== Task goal ==
Return the data exactly, apart from leaving out the pictures.

== Given entries ==
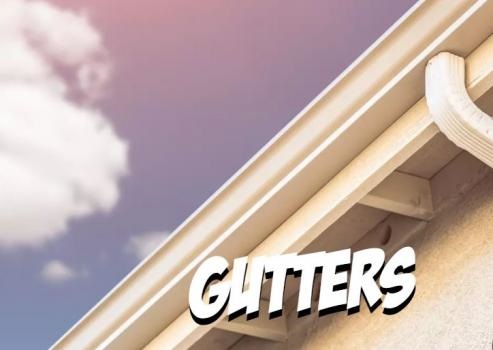 Image for Mighty Dog Roofing with ID of: 5337246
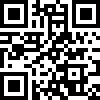 https://mehrnews.com/xhYBX
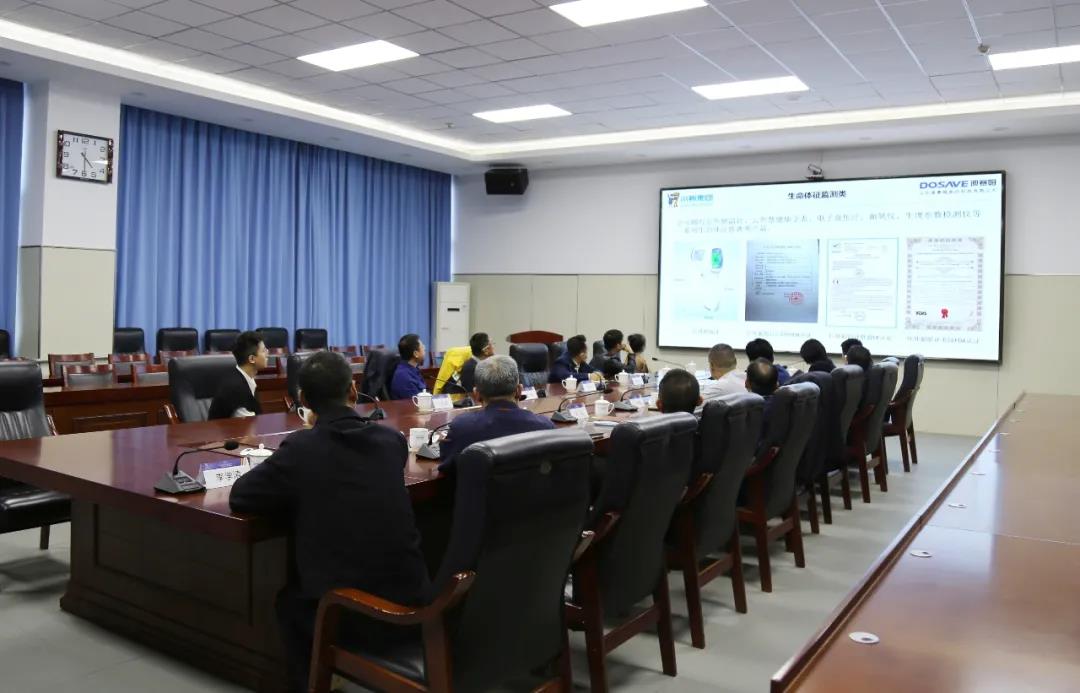 微信图片_20201029165336.jpg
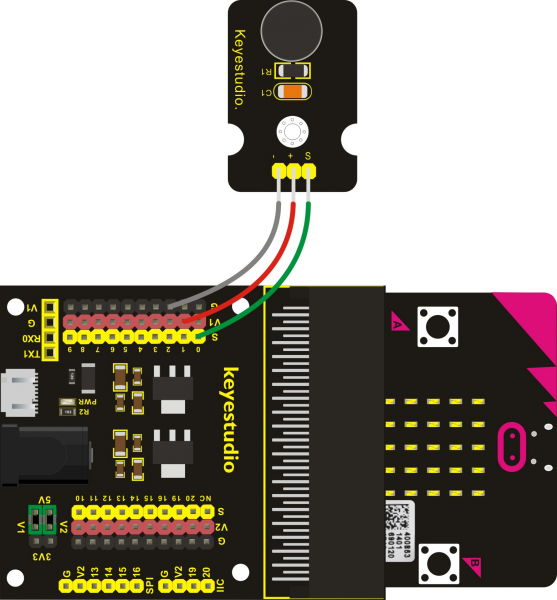 File:361 7-24-1.png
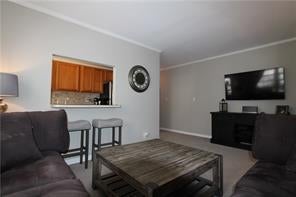 1 of 1 - 13 Bryant Crescent # 1f, White Plains, NY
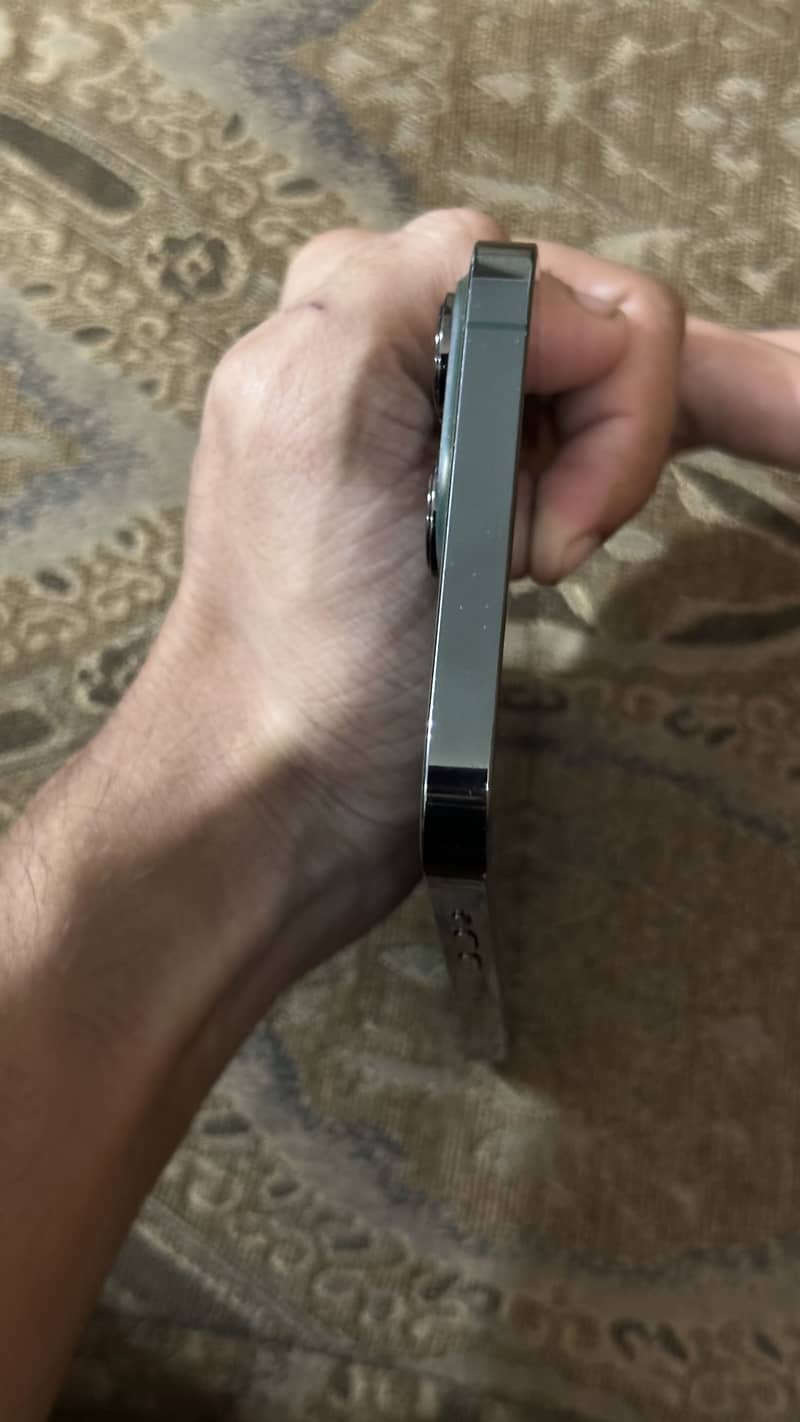 Apple iPhone 13 Pro Max 3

== Reply to the exercise ==
 Image for Mighty Dog Roofing with ID of: 5337246
 https://mehrnews.com/xhYBX
 微信图片_20201029165336.jpg
 File:361 7-24-1.png
 1 of 1 - 13 Bryant Crescent # 1f, White Plains, NY
 Apple iPhone 13 Pro Max 3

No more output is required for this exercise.